> INFORMATION SUPPLIED:
--------------------

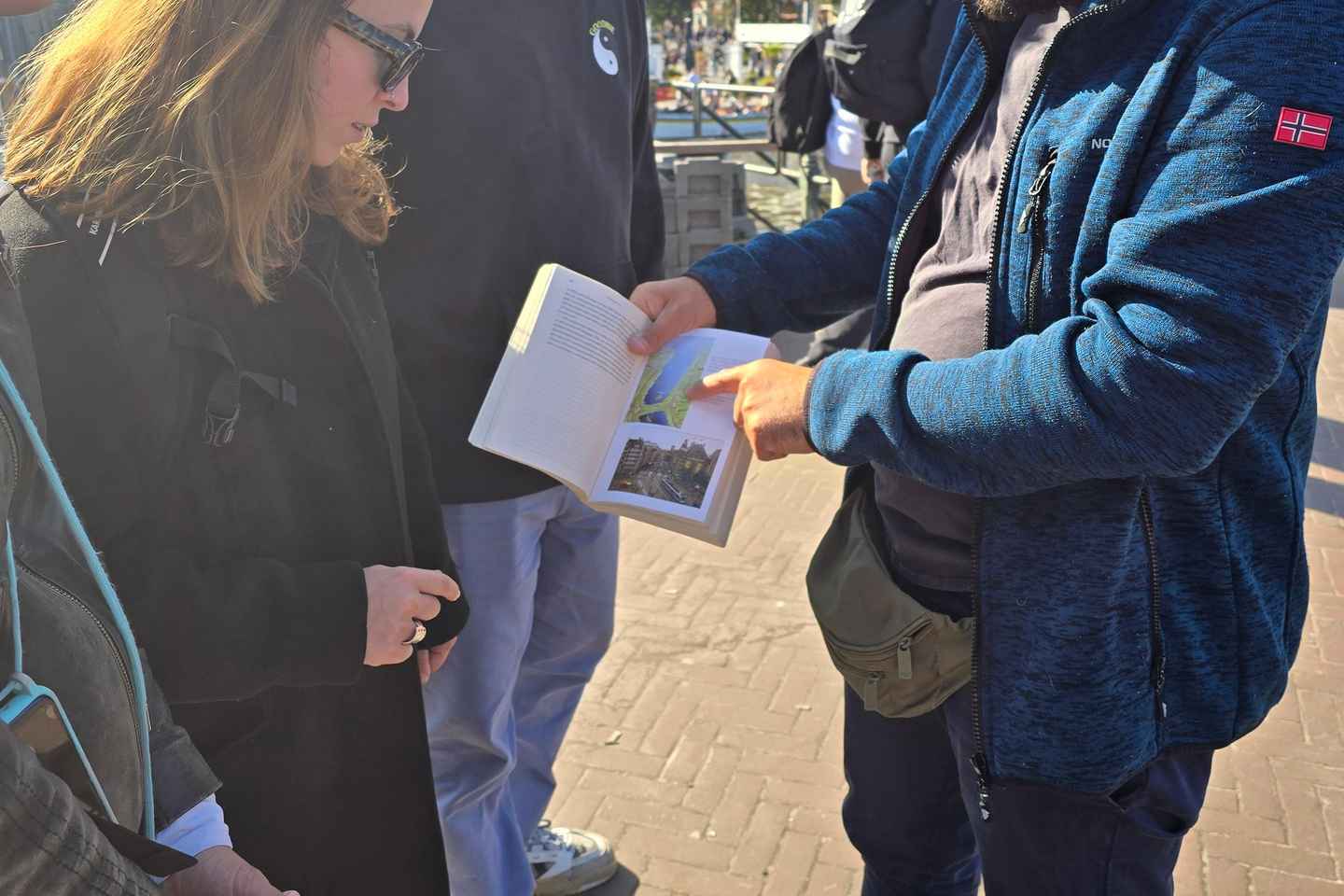 Amsterdam’s Hidden Facts: 750 Years of Secrets ⭐ by Adonis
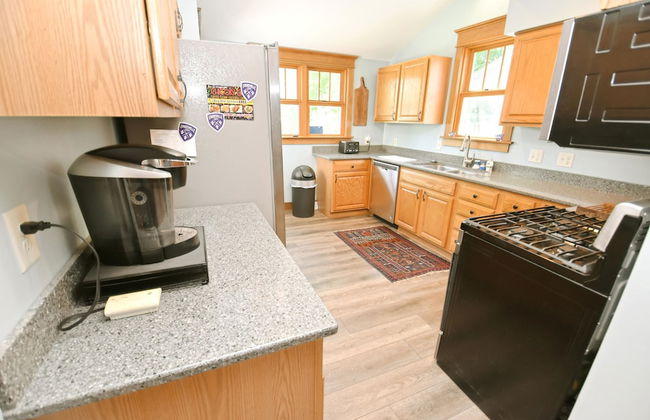 Updated Bungalow Steps to Notre Dame 410 - Foto 5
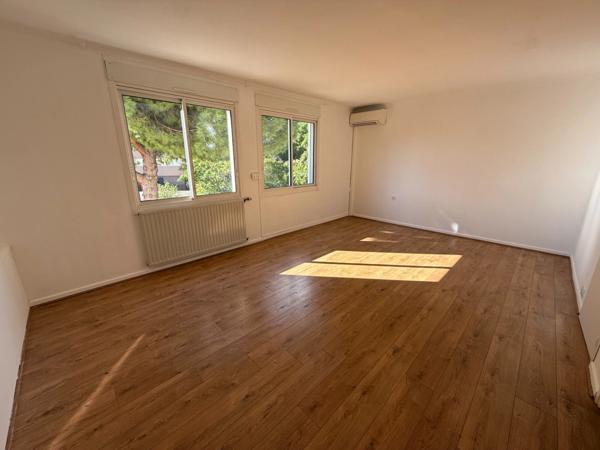 Béziers – Champs de Mars : spacieux appartement T3/T4 rénové avec vue sur parc, parking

--------------------

> WHAT TO DO: Without including the pictures, copy all of the data exactly.

> EXERCISE RESPONSE:
 Amsterdam’s Hidden Facts: 750 Years of Secrets ⭐ by Adonis
 Updated Bungalow Steps to Notre Dame 410 - Foto 5
 Béziers – Champs de Mars : spacieux appartement T3/T4 rénové avec vue sur parc, parking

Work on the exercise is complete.